Self-contained reproducer

Runs in ~30s; no external data, no metacausal dependency:

import warnings
warnings.filterwarnings("ignore")
import numpy as np
from sklearn.ensemble import HistGradientBoostingClassifier
from sklearn.model_selection import cross_val_predict
from threadpoolctl import threadpool_limits
from stochtree import BCFModel


def confounded_dgp(n=445, p=8, n_seed=0):
    """Small confounded DGP roughly mimicking LaLonde-style earnings data."""
    rng = np.random.default_rng(n_seed)
    X = rng.normal(size=(n, p))
    e = 1 / (1 + np.exp(-(1.5 * X[:, 0] - 0.7 * X[:, 1])))   # confounded propensity
    T = rng.binomial(1, e).astype(float)
    tau = 1500 + 800 * X[:, 2] - 500 * X[:, 3]               # heterogeneous, mean ~1500
    Y0 = np.maximum(np.random.default_rng(n_seed + 1).normal(
        loc=3000 + 1500 * X[:, 0], scale=4000, size=n), 0)
    Y = Y0 + T * tau
    return X.astype(float), T, Y.astype(float)


X, T, Y = confounded_dgp(n_seed=0)   # fixed dataset

for seed in [0, 1, 7, 13, 42, 100, 2026]:
    propensity = cross_val_predict(
        HistGradientBoostingClassifier(max_iter=200, random_state=int(seed)),
        X, T.astype(int), method="predict_proba", cv=5,
    )[:, 1]
    propensity = np.clip(propensity, 0.01, 0.99)

    m = BCFModel()
    with threadpool_limits(limits=1):
        m.sample(
            X_train=X, Z_train=T, y_train=Y,
            propensity_train=propensity,
            num_gfr=5, num_burnin=200, num_mcmc=200,
            general_params={"random_seed": int(seed) % (2**31)},
        )
    tau_hat = m.predict(X=X, Z=T, propensity=propensity,
                        type="posterior", terms="tau")
    print(f"seed={seed:>4}  BCF ATE={float(np.mean(tau_hat)):>+8.0f}")

Observed (stochtree 0.4.2, Python 3.13.3, macOS)

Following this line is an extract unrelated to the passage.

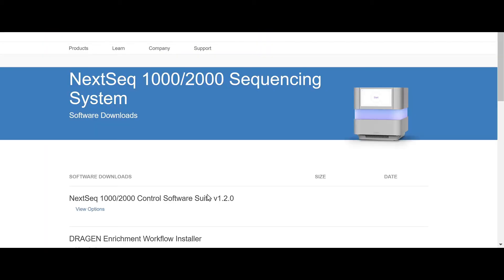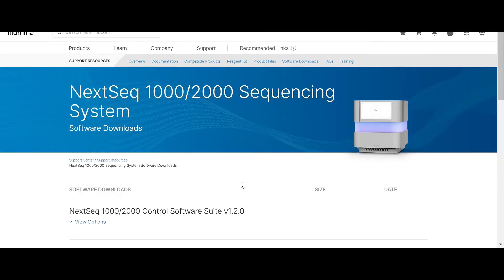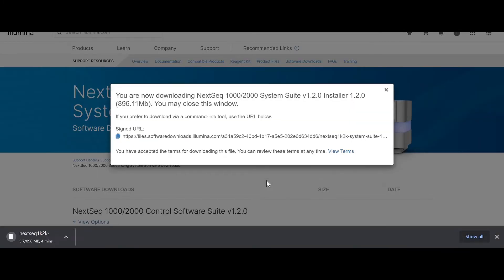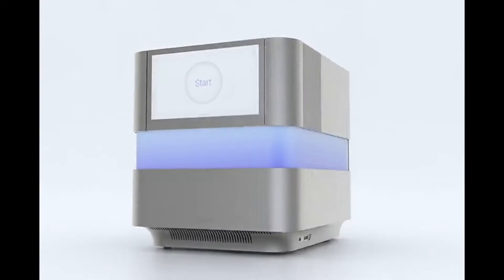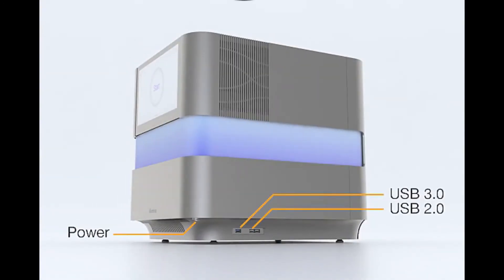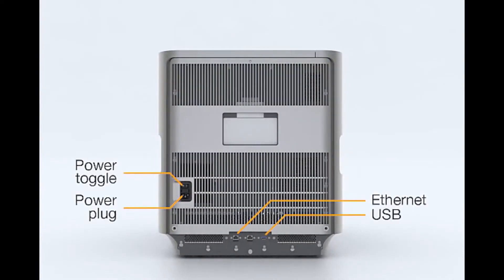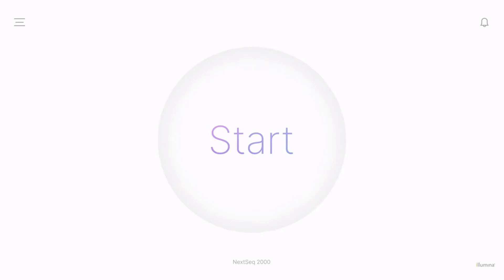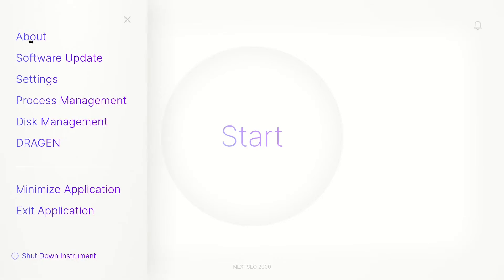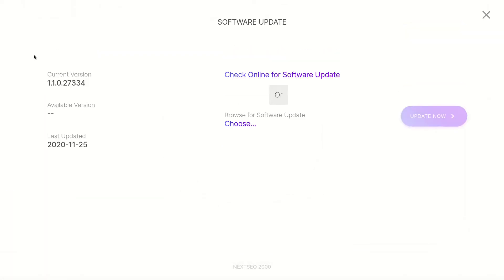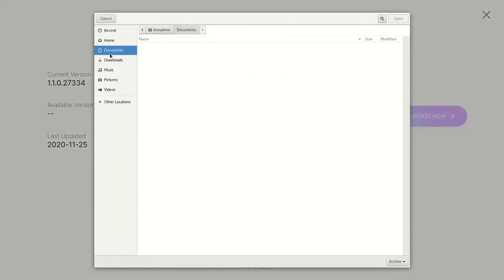If using a separate PC, download the files to a local or portable drive. If you saved the installers to a portable drive, plug the drive into a USB port located on both the side and back of the instrument. From the Control Software home screen, select the menu icon in the top left corner, then select Software Update. Now click Choose to navigate to the installer file just downloaded.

seed=   0  BCF ATE=   +2775
seed=   1  BCF ATE=   +3386
seed=   7  BCF ATE=   +2200
seed=  13  BCF ATE=   +1683
seed=  42  BCF ATE=     +87
seed= 100  BCF ATE=   +1821
seed=2026  BCF ATE=    -318

The dataset is fixed across runs; only the BCF MCMC seed (and the propensity-CV seed) varies. Range: ~$3,700 against a true ATE of ~$1,500.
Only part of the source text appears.